In some ways, people that don't want to learn the correct basic skills and just want to spin and do jumps, pardon me for sounding harsh, sound like children. Of course that's what I want to do! But learning the foundations has made my jumps and spins so much more. How many times have I heard kids state that they want to do the fun stuff and not do the basic skills and take the time to the learn them so they can apply them to the more advanced elements? And of course the answer is you have to take the basics to learn the advanced. I'm not trying to be super brash, but the reality of skating is you have to get the basics under your belt in order to achieve said results. Also, for those that don't want to learn the basic skills and desire to go "play" have a higher risk of injuring themselves or doing the elements incorrectly and not being familiar with how the blade works.
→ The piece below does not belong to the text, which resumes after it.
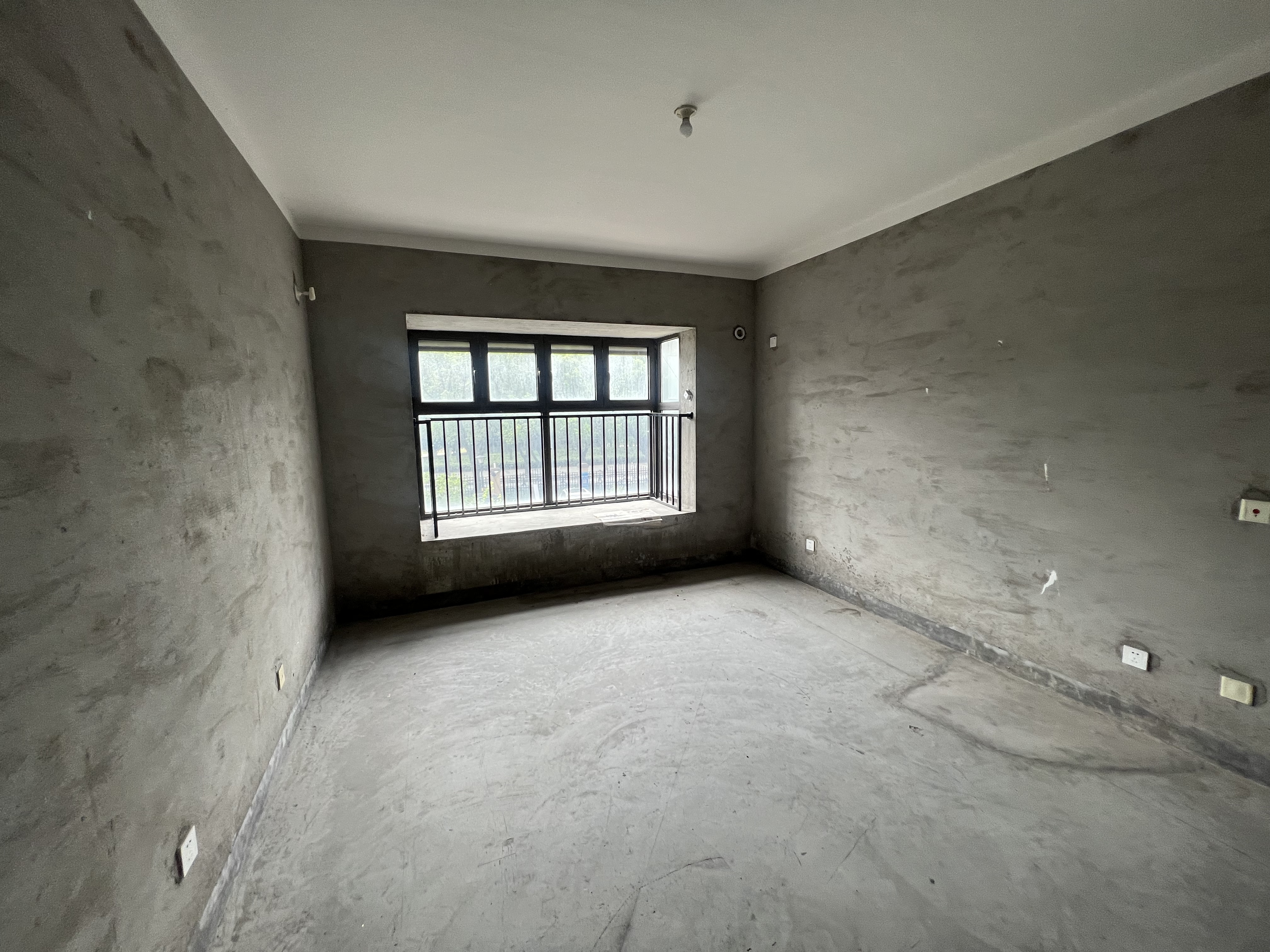 华强城 4室2厅2卫 142.17m&sup2;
Even if its for fun. There's no reason or value in accommodating to people that don't want to learn the basics first and place themselves in dangerous situations without the knowledge. It doesn't make sense and on top of that can hold a liability factor for the club or coach if an injury occurred attempting a higher level element without teaching the foundations.

Yes, there are a few out there that accidentally do an axle or start jumping without any basic skills what-so-ever. They have natural talent for it or have no fear of getting hurt. There are those few.

Quote:
Originally Posted by xgskate View Post
Well, can you explain what is there for you to disagree with. I do think basic skills are essential for learning things advanced. Whether other people agree with you/us or not, I don't care.
And to explain further on what to disagree with, you are contradicting yourself in your early part of your statement agreeing with me that basic skills are essential but then revert back to disagreeing with it that we should accommodate people and not teach basics? Sort of confused here.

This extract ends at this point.